FinGoal teams up with Quiltt for transaction enrichment

OpenBankingExpo
09 Apr 2024

FinGoal, a provider of advanced transaction enrichment solutions, has formed a strategic partnership with Quiltt, a unified API platform for Open Banking, to simplify financial data management and improve user experiences across financial applications.

By combining FinGoal’s transaction enrichment capabilities with Quiltt’s comprehensive API, developers and builders will be able to offer users a “more insightful and personalised” financial experience across the Open Banking data access providers supported by Quiltt.

Chief executive officer of FinGoal, David Nohe, said: “Our friends at Quiltt have made this really beautiful API layer that allows the developer to link and connect to just one single unified API and then orchestrate the way that the data moves through.

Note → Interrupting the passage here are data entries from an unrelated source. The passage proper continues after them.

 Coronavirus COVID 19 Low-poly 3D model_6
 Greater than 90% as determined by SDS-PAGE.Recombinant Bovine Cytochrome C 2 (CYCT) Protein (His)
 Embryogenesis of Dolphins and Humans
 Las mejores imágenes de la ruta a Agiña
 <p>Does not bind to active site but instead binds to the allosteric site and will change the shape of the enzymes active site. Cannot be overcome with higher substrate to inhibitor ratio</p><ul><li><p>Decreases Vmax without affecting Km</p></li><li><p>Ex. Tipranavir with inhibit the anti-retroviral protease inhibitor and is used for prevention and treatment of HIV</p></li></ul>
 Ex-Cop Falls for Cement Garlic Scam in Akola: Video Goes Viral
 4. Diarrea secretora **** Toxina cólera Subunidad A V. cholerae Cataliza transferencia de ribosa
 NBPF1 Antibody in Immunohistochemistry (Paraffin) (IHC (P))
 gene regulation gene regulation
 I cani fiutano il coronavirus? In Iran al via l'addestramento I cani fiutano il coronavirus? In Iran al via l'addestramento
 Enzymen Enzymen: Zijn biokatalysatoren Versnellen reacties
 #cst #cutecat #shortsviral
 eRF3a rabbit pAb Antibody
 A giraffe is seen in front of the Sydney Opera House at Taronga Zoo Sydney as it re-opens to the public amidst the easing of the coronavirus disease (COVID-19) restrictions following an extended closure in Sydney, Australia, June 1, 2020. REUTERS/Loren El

“So, no matter which users are linking through which aggregator, all of that transaction data can then be funnelled through FinGoal to clean it up, normalise it, determine what the customer needs next – without having to build any extra integrations.”

Financial service providers using the Quiltt platform can now integrate FinGoal’s transaction enrichment features.

“The FinGoal team is solving a huge problem in the financial data space by turning transaction data – the lifeblood of modern fintech experiences – into actionable context and signals,” Ruben Izmailyan, chief executive officer of Quiltt, added.

“What’s really magical about FinGoal is the profile-level insights. Imagine being able to tell if your user may be shopping for a car, or that they like to travel internationally, without having to build sophisticated models in-house – available out of the box, just from their transaction data, no matter where it comes from.”

Last year, Quiltt launched Quiltt Hub, which is a dashboard designed to address the “complexity” of managing multiple business bank accounts by consolidating them into a single view.

Quiltt initially built the Hub to help it navigate the Silicon Valley Bank crisis in early 2023.